The other day I was talking to my upper-division social science writing students about how humanities and social science departments feel pressured to justify their places on university campuses. What this has led to is both fields trying to be more like the hard sciences.  This has been disastrous for the humanities, as “theory” and identity politics have supplanted reading and writing as the discipline’s core. As for the social sciences, by demanding to be taken as seriously as the big bully on campus, they’ve only made their own efforts look like cheap imitations of the real thing.

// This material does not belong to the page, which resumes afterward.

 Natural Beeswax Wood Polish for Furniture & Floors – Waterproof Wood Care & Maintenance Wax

I’ll have more to say about how humanities departments have destroyed themselves in due time, but that’s not what I want to do now.  What interested me was my students’ reactions when I used the term “navel-gazing.” Most of them laughed. When I asked why they were laughing, a young man (who seems bright and serious) in the front of the class said that he had never heard that phrase before, and that seemed to hold true for most of his classmates. This shocked me, as it is a phrase that I feel like I run into quite often in book reviews, political discussions, and take-downs of particularly out of touch cultural figures. I’ll spare you a sermon about what this incident says about what college students are and are not reading. Instead, I will paste some of the entries from the OED on this and related phrases below, as I find them fascinating. I particularly like the reference to Los Angeles. Feel free to accuse me of navel-gazing.

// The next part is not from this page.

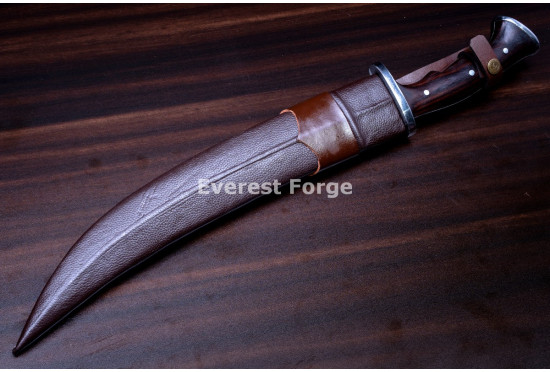 Hand-Forged Hunting Knife, Curved Fullered Blade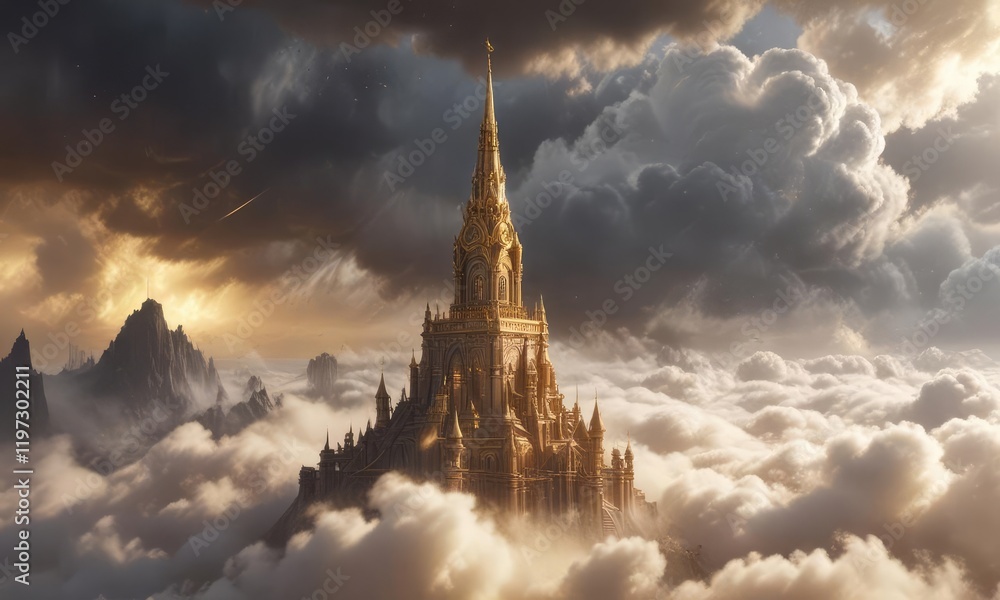 Fototapeta premium A gleaming golden spire pierces through a veil of misty clouds, illuminating the surrounding atmosphere , spire, glowing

navel-gazing n. = navel contemplation

-1959   Canad. Jrnl. Econ. & Polit. Sci. 25 242   Contemporary Americans are inclined to regard such activities as navel-gazing, and to be more interested in the practical utility of models and specific operational techniques.
-1972   Publishers Weekly 10 July 27/2   David Obst has no monopoly on national navel-gazing.
-1990   Independent 27 July 19/6   Navel-gazing has taught these men and women to accept that there has to be someone in authority for the firm to work.

navel-contemplation n. meditation or contemplation, esp. of a self-absorbed, complacent, or profitless kind

-1921   D. H. Lawrence Let. 2 May (1962) II. 650   Your Nirvana is too much a one-man show: leads inevitably to navel-contemplation.
-1974   Times 27 June 18/3   To fight off the navel-contemplation mood induced by our move of office.
-1986   Q Oct. 76/1   Writing with these musicians has forced Simon to look up from navel-contemplation towards the open sky of entertainment.

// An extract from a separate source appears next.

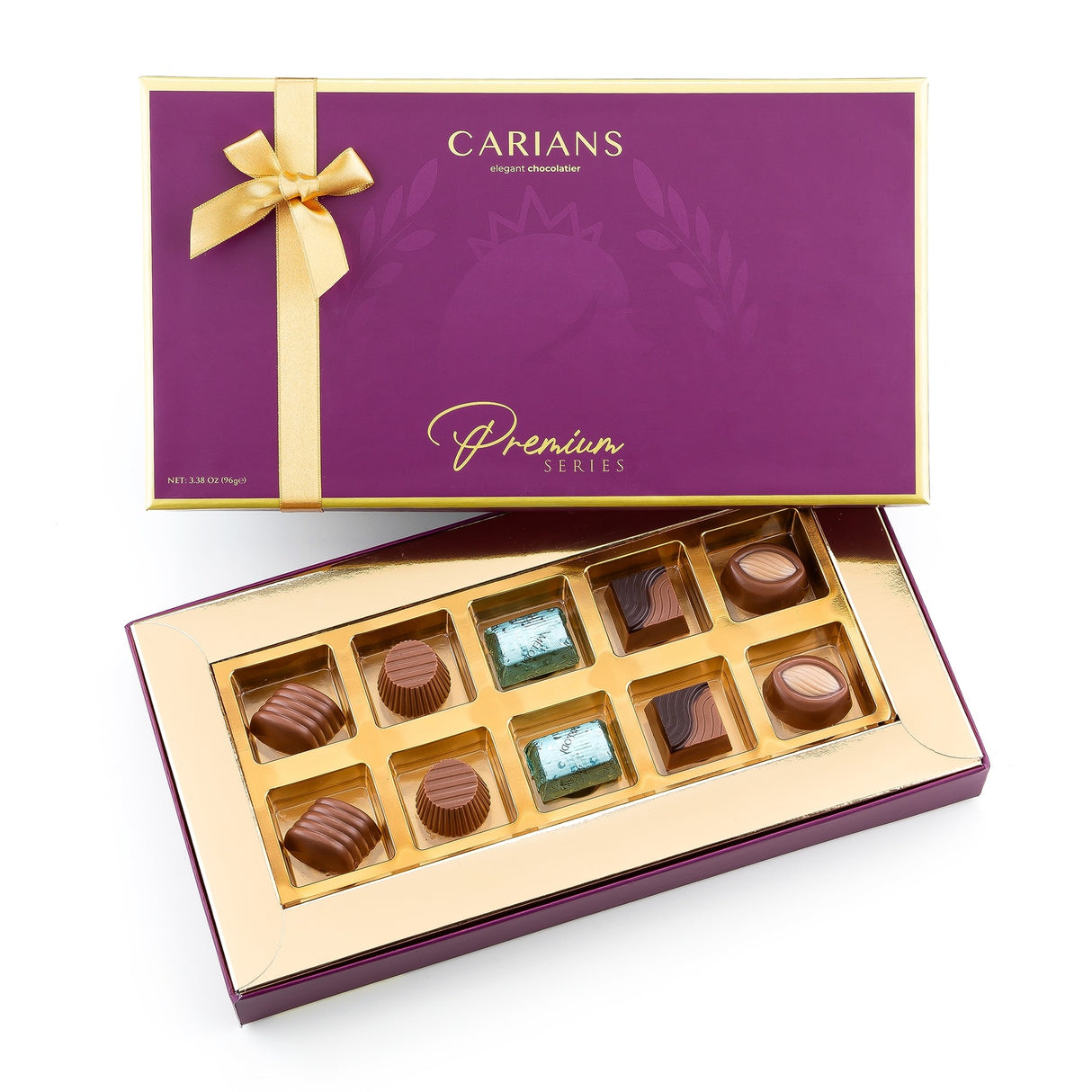 Carians Assorted Dark Chocolate Gift Basket in Dark Chocolate Varieties, Gold Ribbon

navel-contemplator n. = omphalopsychite n. at omphalo- comb. form ; (also more widely) a person who indulges in navel-contemplation.

-1856   R. A. Vaughan Hours with Mystics I. vi. vii. 300   They call these devotees Navel-contemplators.
-1986   Financial Times (Nexis) 11 Apr. i. 19   We are in Los Angeles where the sun shines, the night life sparkles, and navel-contemplators of the world unite.

omphaloskepsis n. (also omphaloscepsis)  [ < omphalo- comb. form + ancient Greekσκέψις inquiry (see scepsis n.)] = omphaloscopy n.

-1925   A. Huxley Those Barren Leaves v. iv. 366   The flesh dies… And there’s an end of your omphaloskepsis.
-1952   H. Ingrams Hong Kong i. 22   The British saw London as the world’s capital. Omphaloscepsis has always been one of the world’s troubles.
-1983   Verbatim Summer 23/1   Presumably, one arrives at game theory through omphaloskepsis.

omphalomancy n.  [ < omphalo- comb. form + -mancy comb. form; compare French †omphalomantie (1752), omphalomancie (1868 in Littré)] divination by the navel, esp. the art or practice of divining the number of future children a woman is to have by counting the number of knots on the umbilical cord of a baby born to her (obs. rare); (in extended use) the art or skill of predicting or estimating numbers of people (rare).

-1652   J. Gaule Πυς-μαντια 165   Omphelomancy, [divining] by the navell.
-1892   New Sydenham Soc. Lexicon,   Omphalomancy, the prophesying of the number of future children a woman will have according to the number of knots on the navel-string of the child born.
-1987   Amer. Jrnl. Sociol. 93 210   The last chapter is a brief exercise in omphalomancy, an estimate of intellectual progeny in leading roles.